Então quando um menino da minha escola fala "espero que você morra, filho da p*** negro", ele está ligando o desejo de morte dele a uma pessoa pelo fato de ela ser negra. Isso me afeta por eu ter essa mesma cor de pele. Saber que tem alunos da minha escola com esses pensamentos me faz temer pela minha saúde e integridade física.

Não quero que eles permaneçam no mesmo local que eu porque não sei do que são capazes. Então fui para a escola denunciar e também pedi que minha mãe fizesse o boletim de ocorrência, já que a Justiça também precisa agir em relação ao fato, porque racismo é um crime.

Como você se conscientizou sobre o racismo?

Por ser um homem preto, ter um pai preto e uma mãe que está muito por dentro das pautas sociais, mesmo sendo branca, agindo enquanto feminista e antirracista. Eles sempre me ensinaram, e meu letramento racial vem desde a infância. Desde que me entendo por gente, sempre consegui entender tudo o que diz respeito ao racismo e sempre busquei entender mais.

Hoje em dia sinto realmente vontade de lutar e fazer a diferença. Então, essa base vem da minha criação, do ensinamento dos pais e, também, por eu ser um dos únicos pretos numa escola repleta de brancos. Assim, tudo isso me trouxe muito interesse por sempre querer ficar informado sobre o racismo e letramento racial.

Você esperava a expulsão dos alunos que trocaram mensagens racistas e de cunho nazista?

Era o que eu esperava mesmo, porque não quero permanecer no mesmo local de pessoas que tiveram esses discursos ofensivos e de morte.

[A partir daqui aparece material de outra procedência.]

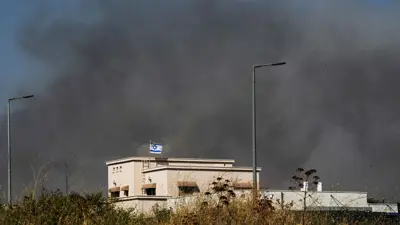 تصاعد الدخان خلف منزل في أعقاب هجمات حزب الله 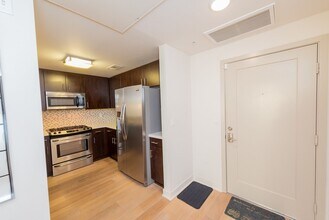 436 S Virgil Ave in Los Angeles, CA - Building Photo - Building Photo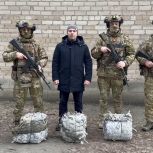 Активисты Единой России изготовили маскировочные сети для военнослужащих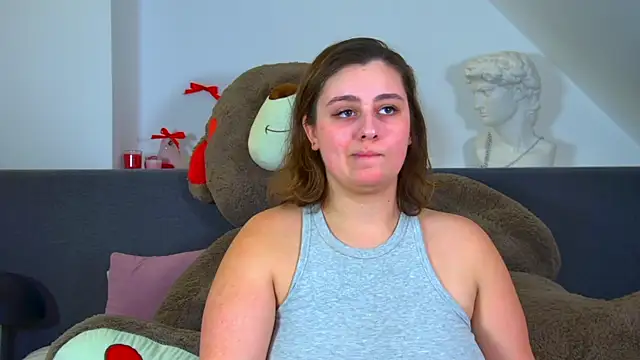 MaryMurray online show from October 12, 2025, 7:04 pm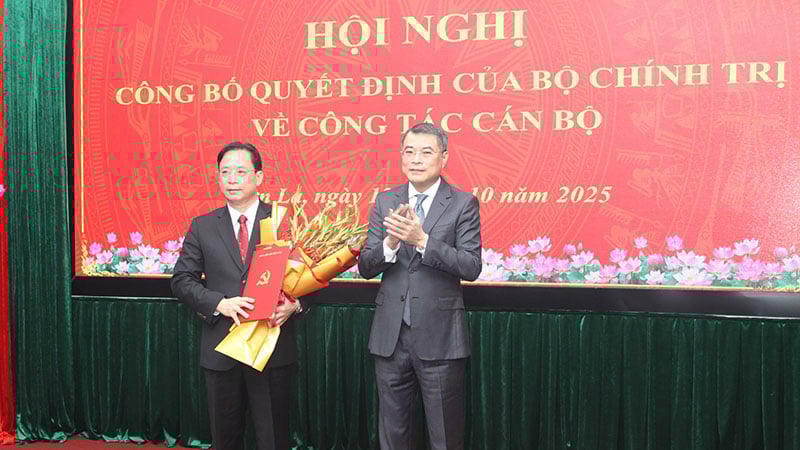 Ông Lê Minh Hưng trao Quyết định và tặng hoa chúc mừng ông Hoàng Văn Nghiệm. Ảnh: Q.Tuấn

Mas assim como teve pessoas com essas falas, teve também envolvidos lá que foram cúmplices. Para esses eu esperava apenas uma suspensão para que fiquem sabendo que ser cúmplice de um crime de racismo é algo sério.

Você tem receio de vir a sofrer mais preconceito ou algum tipo de agressão de alunos por ter denunciado o caso?

Depois de denunciar e ter tido todo apoio, acho que, pelo contrário, as pessoas vão ter medo de me agredir e agredir a minha família porque sabem da força que eu tenho e da força que minha família tem. Isso é um lado bom. Acho que as pessoas não vão mais me agredir por medo, e é isso que eles precisam ter mesmo. Eles têm que ter medo desse pensamento, não podem ter a coragem de falar. Tanto que algumas pessoas que fizeram isso comigo vieram depois se desculpar.

Então acho agora que vai ser muito difícil que aconteça mais um caso assim no Colégio Visconde de Porto Seguro. Mas caso ocorra, espero que a escola tome medidas severas rápidas, sem precisar de toda essa repercussão. Mesmo que a escola tenha agido, é triste saber que precisou de tanta repercussão para ela tomar uma atitude.

Tenho um pouco de medo pela minha integridade física. Mas acho que a luta vale a pena. Então vou sempre ficar alerta e não vou baixar a guarda.